→ ASSIGNMENT: From the data below, copy out every line in which the word "with" occurs.

→ INPUT FOR THIS TASK:
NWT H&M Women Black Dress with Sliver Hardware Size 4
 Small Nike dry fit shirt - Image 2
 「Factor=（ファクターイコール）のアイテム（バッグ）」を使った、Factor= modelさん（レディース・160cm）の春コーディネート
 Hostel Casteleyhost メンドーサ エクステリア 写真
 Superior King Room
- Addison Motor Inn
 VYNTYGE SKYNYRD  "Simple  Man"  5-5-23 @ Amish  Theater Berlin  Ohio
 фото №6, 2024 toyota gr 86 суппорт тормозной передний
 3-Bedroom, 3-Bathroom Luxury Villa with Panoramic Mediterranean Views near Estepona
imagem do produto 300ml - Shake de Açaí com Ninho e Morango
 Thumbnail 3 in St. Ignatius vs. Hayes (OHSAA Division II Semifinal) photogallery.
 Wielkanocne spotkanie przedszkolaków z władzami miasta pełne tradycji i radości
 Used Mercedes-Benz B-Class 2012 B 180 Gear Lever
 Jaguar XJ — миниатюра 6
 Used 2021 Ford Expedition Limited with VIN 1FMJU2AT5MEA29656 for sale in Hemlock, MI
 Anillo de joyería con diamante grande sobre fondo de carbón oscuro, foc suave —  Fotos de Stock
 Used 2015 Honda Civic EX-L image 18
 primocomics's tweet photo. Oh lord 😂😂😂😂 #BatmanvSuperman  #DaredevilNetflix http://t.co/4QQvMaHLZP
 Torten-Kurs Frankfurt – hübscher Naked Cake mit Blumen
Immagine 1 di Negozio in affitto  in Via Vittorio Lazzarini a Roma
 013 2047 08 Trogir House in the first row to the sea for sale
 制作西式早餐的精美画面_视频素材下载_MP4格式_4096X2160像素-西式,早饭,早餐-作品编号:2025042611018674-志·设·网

→ EXERCISE ANSWER:
NWT H&M Women Black Dress with Sliver Hardware Size 4
 3-Bedroom, 3-Bathroom Luxury Villa with Panoramic Mediterranean Views near Estepona
 Used 2021 Ford Expedition Limited with VIN 1FMJU2AT5MEA29656 for sale in Hemlock, MI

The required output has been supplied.